*** Input for this task ***
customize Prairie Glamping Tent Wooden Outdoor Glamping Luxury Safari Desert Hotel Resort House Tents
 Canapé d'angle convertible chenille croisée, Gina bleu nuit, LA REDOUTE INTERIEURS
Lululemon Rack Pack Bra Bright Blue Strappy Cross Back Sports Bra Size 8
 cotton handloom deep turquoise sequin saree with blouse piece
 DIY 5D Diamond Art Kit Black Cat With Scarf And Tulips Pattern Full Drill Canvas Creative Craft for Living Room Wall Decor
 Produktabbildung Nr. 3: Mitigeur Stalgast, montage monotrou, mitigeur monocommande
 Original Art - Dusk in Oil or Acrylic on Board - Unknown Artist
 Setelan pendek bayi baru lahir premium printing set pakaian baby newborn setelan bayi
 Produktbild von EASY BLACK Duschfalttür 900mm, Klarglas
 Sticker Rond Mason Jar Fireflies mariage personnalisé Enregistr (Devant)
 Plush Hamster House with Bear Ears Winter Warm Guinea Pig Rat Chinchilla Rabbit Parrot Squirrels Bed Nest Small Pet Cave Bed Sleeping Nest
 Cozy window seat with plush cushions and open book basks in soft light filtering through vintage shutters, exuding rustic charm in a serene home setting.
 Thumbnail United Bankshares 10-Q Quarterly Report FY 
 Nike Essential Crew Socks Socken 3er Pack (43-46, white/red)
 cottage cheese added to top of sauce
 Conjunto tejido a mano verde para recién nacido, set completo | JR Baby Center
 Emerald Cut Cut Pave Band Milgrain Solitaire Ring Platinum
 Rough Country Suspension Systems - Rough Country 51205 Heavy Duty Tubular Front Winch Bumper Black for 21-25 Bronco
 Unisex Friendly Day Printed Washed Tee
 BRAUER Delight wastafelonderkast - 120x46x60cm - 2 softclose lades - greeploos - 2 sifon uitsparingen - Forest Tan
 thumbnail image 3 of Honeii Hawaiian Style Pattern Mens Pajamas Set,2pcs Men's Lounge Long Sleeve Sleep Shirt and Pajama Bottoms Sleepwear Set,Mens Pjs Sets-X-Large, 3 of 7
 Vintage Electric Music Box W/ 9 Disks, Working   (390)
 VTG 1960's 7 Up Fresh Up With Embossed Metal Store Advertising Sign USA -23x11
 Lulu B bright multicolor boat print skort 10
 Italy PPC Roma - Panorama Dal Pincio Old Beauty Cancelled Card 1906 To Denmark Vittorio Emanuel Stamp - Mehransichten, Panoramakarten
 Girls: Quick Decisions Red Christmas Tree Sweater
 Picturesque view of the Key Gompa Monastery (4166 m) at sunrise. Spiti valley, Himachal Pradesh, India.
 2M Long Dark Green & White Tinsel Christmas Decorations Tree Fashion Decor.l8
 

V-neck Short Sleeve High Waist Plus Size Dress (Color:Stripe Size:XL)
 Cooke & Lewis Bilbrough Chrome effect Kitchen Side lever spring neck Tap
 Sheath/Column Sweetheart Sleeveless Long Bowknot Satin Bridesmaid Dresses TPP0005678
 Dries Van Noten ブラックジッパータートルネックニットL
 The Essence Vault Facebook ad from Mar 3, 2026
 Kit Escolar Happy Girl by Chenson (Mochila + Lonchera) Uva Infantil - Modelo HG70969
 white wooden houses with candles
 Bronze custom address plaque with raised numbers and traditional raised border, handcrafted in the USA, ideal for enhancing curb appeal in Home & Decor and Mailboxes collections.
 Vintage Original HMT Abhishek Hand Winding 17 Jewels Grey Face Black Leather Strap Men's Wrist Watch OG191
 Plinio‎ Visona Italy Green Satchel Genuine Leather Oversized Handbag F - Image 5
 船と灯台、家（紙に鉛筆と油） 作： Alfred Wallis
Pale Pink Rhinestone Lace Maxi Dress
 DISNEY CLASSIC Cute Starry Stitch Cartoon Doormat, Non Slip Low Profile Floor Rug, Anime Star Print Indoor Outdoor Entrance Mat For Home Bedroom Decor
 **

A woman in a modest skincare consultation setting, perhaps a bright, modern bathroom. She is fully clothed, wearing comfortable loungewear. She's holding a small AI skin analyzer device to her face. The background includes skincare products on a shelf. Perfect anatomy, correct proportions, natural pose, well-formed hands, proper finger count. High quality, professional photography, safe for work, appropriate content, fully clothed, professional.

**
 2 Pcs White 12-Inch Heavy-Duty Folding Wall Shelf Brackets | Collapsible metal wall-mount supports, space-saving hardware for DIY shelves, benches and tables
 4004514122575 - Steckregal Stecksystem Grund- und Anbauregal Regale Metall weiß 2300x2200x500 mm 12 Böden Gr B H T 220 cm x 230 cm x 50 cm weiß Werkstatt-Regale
*** End of Input for this task ***
*Exercise*
Please return every line in the data that includes the string "Heavy".

*Task response*
 Rough Country Suspension Systems - Rough Country 51205 Heavy Duty Tubular Front Winch Bumper Black for 21-25 Bronco
 2 Pcs White 12-Inch Heavy-Duty Folding Wall Shelf Brackets | Collapsible metal wall-mount supports, space-saving hardware for DIY shelves, benches and tables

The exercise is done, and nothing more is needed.